Entries taken from a collection
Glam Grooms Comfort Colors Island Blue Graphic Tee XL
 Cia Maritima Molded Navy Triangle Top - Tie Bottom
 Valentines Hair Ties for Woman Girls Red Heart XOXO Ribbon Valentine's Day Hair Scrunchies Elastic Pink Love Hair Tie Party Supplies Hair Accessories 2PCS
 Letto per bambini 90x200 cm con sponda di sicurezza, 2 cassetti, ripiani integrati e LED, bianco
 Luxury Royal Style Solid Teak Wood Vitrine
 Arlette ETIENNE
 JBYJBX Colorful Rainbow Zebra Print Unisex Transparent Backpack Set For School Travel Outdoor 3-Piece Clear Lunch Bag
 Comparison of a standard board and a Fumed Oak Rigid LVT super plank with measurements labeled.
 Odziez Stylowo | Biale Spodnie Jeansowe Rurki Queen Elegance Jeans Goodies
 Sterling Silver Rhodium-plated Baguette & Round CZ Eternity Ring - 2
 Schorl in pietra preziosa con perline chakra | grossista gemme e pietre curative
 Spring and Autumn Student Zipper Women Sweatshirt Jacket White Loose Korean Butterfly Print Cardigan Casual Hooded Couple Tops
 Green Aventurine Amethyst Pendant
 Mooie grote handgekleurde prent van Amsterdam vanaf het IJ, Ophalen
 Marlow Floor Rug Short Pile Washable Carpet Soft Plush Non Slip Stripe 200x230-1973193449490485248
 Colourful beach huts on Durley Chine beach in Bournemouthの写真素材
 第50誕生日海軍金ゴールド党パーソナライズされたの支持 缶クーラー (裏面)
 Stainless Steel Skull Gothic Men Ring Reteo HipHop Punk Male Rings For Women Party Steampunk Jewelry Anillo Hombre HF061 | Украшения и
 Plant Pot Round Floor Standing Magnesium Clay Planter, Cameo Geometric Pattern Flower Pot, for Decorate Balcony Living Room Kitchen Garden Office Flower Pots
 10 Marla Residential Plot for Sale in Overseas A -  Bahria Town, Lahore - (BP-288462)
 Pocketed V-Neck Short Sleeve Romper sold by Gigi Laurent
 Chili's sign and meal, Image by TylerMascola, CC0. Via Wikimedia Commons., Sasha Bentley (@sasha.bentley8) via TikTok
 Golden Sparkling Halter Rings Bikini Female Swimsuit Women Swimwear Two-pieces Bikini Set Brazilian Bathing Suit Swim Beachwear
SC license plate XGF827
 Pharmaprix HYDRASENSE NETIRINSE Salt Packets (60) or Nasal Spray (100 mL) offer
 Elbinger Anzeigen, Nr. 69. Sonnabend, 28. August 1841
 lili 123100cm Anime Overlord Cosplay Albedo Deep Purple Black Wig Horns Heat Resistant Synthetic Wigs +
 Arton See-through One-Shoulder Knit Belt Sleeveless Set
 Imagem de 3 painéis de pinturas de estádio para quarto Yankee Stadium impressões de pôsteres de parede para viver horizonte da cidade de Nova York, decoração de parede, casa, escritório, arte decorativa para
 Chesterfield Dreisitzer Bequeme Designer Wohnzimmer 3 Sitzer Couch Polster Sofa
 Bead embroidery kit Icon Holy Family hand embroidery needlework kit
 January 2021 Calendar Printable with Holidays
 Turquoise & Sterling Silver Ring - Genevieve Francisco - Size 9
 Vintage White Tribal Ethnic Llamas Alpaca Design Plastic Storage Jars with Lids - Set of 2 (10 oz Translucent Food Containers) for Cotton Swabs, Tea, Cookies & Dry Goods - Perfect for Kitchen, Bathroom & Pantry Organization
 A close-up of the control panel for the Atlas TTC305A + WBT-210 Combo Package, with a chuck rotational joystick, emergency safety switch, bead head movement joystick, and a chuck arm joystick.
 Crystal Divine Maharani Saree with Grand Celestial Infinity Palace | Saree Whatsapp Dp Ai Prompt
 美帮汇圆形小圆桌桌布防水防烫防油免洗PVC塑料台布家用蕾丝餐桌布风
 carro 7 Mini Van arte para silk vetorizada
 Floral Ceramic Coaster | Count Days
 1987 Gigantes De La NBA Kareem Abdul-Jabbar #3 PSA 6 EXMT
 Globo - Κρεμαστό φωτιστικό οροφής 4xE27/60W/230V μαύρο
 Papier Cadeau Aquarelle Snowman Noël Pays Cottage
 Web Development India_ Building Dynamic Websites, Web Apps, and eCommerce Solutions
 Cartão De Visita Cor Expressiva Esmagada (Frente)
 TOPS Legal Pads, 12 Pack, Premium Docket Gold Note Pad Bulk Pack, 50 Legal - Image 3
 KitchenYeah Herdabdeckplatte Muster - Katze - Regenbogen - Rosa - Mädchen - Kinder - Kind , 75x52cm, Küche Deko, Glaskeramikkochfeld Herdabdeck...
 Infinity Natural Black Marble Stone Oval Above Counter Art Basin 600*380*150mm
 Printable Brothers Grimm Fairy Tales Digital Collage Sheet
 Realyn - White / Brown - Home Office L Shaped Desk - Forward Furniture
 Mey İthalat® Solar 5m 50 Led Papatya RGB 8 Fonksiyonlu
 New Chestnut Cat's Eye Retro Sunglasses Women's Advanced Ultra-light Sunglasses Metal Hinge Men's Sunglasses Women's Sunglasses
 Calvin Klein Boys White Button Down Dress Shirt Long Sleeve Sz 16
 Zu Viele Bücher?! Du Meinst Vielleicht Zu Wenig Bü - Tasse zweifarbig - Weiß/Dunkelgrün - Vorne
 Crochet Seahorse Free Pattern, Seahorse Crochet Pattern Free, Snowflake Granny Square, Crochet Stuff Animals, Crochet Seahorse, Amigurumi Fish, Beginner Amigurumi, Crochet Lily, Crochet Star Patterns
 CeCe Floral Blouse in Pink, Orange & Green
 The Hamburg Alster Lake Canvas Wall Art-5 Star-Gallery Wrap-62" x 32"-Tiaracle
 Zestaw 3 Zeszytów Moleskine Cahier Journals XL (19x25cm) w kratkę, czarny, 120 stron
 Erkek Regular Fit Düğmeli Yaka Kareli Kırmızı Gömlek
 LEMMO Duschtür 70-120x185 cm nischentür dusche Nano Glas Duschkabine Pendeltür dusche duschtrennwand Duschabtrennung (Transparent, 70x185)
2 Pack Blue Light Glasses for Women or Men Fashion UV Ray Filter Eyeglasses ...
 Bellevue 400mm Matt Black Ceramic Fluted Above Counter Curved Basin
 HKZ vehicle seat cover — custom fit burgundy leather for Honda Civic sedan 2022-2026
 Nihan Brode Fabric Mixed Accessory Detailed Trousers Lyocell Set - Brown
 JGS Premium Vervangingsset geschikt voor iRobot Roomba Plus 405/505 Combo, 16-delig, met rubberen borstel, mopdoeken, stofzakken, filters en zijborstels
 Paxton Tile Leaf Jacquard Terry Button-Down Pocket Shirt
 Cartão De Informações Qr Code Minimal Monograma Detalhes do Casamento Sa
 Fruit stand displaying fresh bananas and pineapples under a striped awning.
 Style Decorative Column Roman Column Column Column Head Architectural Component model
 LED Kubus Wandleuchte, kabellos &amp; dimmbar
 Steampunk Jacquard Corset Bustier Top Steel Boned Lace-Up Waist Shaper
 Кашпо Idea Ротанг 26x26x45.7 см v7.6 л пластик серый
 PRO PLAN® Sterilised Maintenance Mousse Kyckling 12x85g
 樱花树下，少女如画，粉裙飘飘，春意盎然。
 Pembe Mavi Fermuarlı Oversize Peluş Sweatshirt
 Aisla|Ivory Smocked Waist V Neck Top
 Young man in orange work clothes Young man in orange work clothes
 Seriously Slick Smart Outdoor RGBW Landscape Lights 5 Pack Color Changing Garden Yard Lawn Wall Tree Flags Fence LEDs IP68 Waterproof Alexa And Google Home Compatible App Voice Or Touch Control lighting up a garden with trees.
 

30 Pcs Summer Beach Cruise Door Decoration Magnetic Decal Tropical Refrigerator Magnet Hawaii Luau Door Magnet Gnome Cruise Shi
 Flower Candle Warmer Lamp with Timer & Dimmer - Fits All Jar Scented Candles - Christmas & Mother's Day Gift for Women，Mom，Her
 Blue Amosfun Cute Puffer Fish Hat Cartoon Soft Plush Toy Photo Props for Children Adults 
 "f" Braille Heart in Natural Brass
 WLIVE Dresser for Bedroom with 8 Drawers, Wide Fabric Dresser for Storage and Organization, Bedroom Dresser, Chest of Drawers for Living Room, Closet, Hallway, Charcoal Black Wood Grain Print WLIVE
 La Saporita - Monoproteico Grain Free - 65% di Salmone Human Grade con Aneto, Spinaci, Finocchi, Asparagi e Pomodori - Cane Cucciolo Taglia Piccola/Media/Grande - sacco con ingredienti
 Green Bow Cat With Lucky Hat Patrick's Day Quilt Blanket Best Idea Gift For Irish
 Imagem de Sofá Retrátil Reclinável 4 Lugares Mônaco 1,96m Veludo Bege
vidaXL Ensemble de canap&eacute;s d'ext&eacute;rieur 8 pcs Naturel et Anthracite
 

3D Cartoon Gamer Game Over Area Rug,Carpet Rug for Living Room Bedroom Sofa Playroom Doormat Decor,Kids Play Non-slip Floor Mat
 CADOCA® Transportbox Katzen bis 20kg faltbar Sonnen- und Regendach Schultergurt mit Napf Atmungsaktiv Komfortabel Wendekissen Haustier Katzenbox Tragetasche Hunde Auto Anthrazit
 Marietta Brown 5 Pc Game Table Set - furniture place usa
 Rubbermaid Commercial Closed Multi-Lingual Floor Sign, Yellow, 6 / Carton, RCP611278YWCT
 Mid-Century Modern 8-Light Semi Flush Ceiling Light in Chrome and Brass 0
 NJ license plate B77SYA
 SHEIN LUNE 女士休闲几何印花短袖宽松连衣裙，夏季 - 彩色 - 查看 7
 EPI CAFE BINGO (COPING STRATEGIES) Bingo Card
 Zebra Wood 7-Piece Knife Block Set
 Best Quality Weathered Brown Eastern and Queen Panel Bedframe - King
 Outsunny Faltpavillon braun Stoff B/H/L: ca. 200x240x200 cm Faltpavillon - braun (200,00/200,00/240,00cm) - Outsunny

* What you will do
Only one stretch of the data above is needed. Restate it word for word, from the line containing "Chili's sign and" through the line containing "lili 123100cm Anime", both ends included.

* Answer section
 Chili's sign and meal, Image by TylerMascola, CC0. Via Wikimedia Commons., Sasha Bentley (@sasha.bentley8) via TikTok
 Golden Sparkling Halter Rings Bikini Female Swimsuit Women Swimwear Two-pieces Bikini Set Brazilian Bathing Suit Swim Beachwear
SC license plate XGF827
 Pharmaprix HYDRASENSE NETIRINSE Salt Packets (60) or Nasal Spray (100 mL) offer
 Elbinger Anzeigen, Nr. 69. Sonnabend, 28. August 1841
 lili 123100cm Anime Overlord Cosplay Albedo Deep Purple Black Wig Horns Heat Resistant Synthetic Wigs +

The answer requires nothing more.